The more brand loyalists that there are in a category (e.g., cars) or the more loyal a brand’s consumers are (e.g., Apple), the smaller the short-term impact of advertising is likely to be (because there are fewer switchers).
Adstocks by Channel
Critically, it should be observed that the media itself does not itself “have” adstock. Adstock arises as a complex interaction between advertising, the audience and the consumers. Some studies compare adstocks of different media types across categories. This can sometimes be misleading as the category itself has an impact upon the adstock, however we do find that certain channels tend to have longer lasting effects than others.
Newspapers could be expected to have a shorter adstock than magazines because a newspaper is disposed of at the end of the day whereas a magazine might hang around in a house for weeks, months or even years!
Because of this variation, it is too simplistic to say that a higher adstock is always better than a lower one. The most important measurement is the total number of sales that result from the advertising, not the period over which these sales were gained.
In most analyses, there will be considerably more “adstocked spend” in the series than there was actual spend. This is because analysts will tend to sum up all the adstocked weeks together with the original media, so there is a cumulative effect of sustained investment. Also, the results from the model will pertain to “adstocked spend” not actual spend, which must be remembered for any subsequent analysis – for example you have to work backwards to get your true cost per purchase or return on ad spend, which is explained in the next section.

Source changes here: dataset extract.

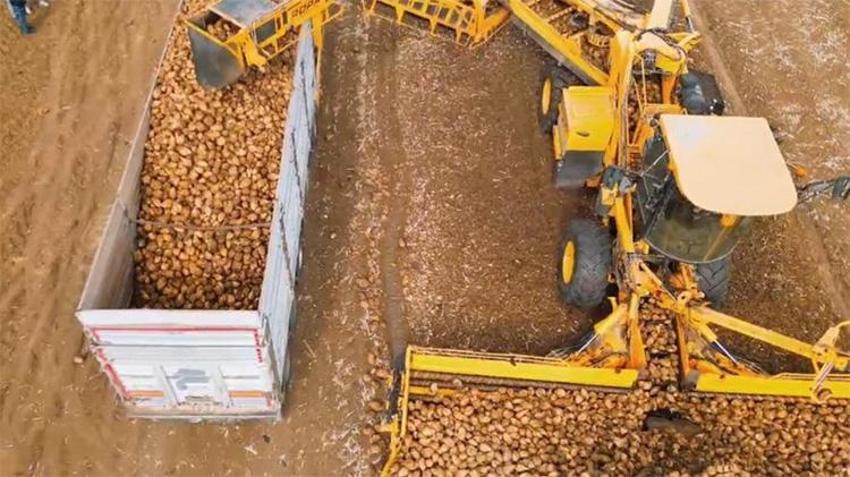 Tekirdağ toprağından rekor çıktı: Tarlada dekar başına tam 10 ton!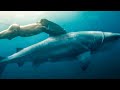 Jason Momoa Rides A Shark Chief Of War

When modelling multiple media types across the same period (as is often the case with integrated campaigns), some analysts may decide to just fit the model for TV and then decide that the other media types don’t go into the model. This is an impulse that should be discouraged. It is important to test variables in combination with different adstocks. Large adstocks on TV can exacerbate this problem as media with a more constant presence – magazines, outdoor – can “disappear” under the long tail from TV.
Calculating Adstocks
If you’re not interested in math, feel free to skip this section. We also have an Adstock Google Sheet Template that shows how to calculate Adstocks, which you might find more intuitive.
The following are some of the most common methods of calculating adstocks. The approach laid out in this article is not reflective of how Recast approaches it. The actual model specification can be found in the technical model specification.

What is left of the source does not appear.